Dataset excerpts

+ + + + +

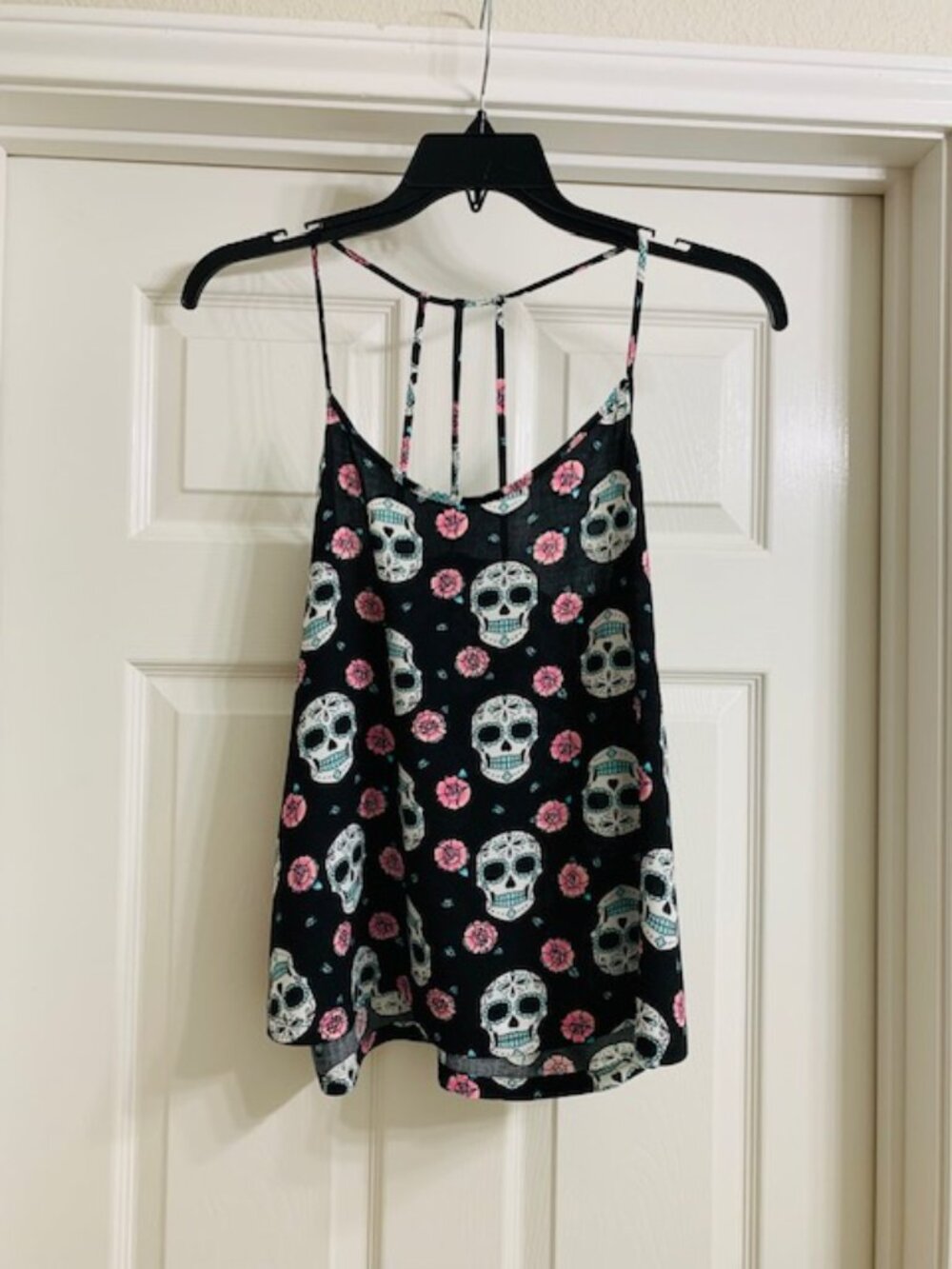 No Boundaries Black Sugar Skull T-Back Shirt, Size M (Juniors)
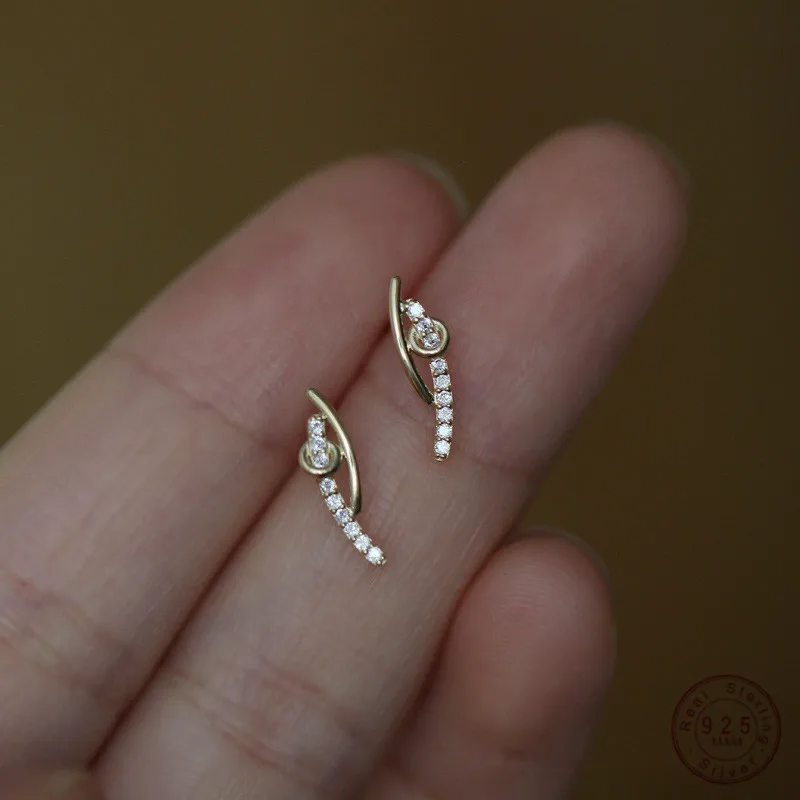 925 Sterling Silver 14K Gold Plated stud Earrings Korean Shiny Zircon Arc Earrings fou Women All-match Jewelry
925 Sterling Silver 14K Gold Plated stud Earrings Korean Shiny Zircon Arc Earrings fou Women All-match Jewelry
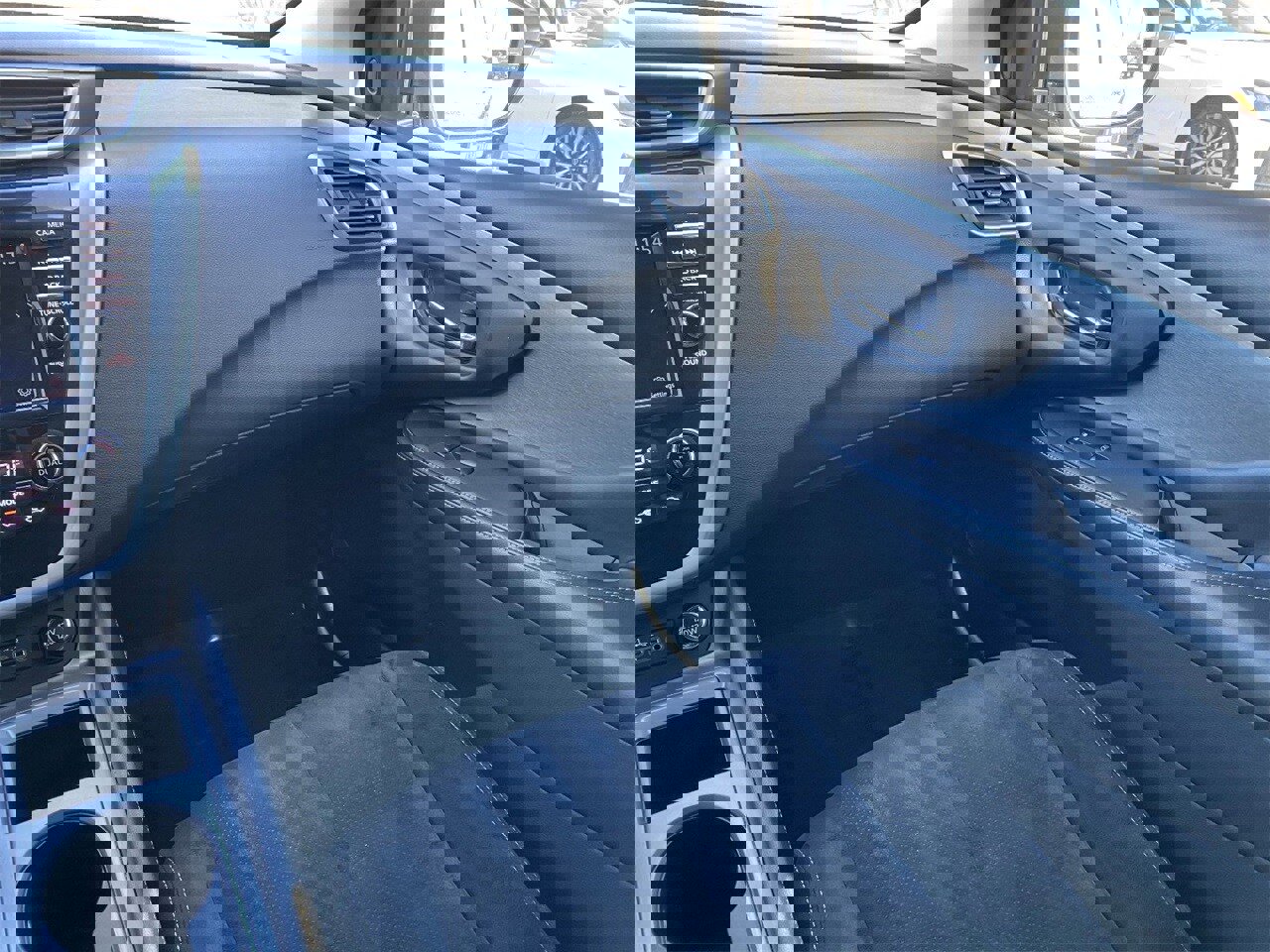 Certified 2020 Nissan Murano S w/ Technology Package image 17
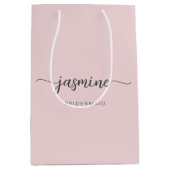 Minimalistisch eenvoudig zwart-roze monogrammeiscr medium cadeauzakje (Voorkant)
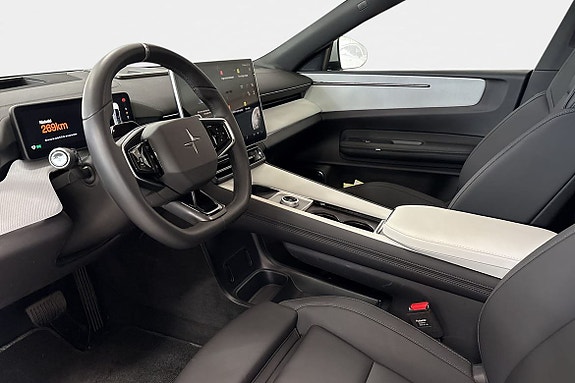 Polestar 4 12 of 27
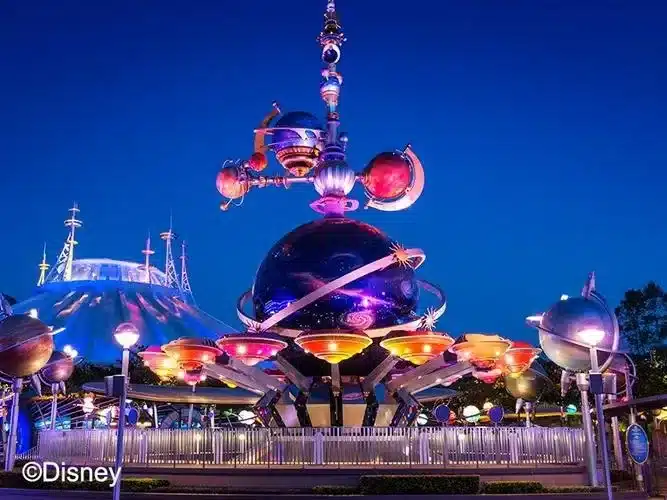 Мир будущего-Гонконгский Диснейленд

+ + + + +

### The task
In the copy, include every record exactly and no pictures at all.

### Reply to the task
 No Boundaries Black Sugar Skull T-Back Shirt, Size M (Juniors)
 925 Sterling Silver 14K Gold Plated stud Earrings Korean Shiny Zircon Arc Earrings fou Women All-match Jewelry
925 Sterling Silver 14K Gold Plated stud Earrings Korean Shiny Zircon Arc Earrings fou Women All-match Jewelry
 Certified 2020 Nissan Murano S w/ Technology Package image 17
 Minimalistisch eenvoudig zwart-roze monogrammeiscr medium cadeauzakje (Voorkant)
 Polestar 4 12 of 27
 Мир будущего-Гонконгский Диснейленд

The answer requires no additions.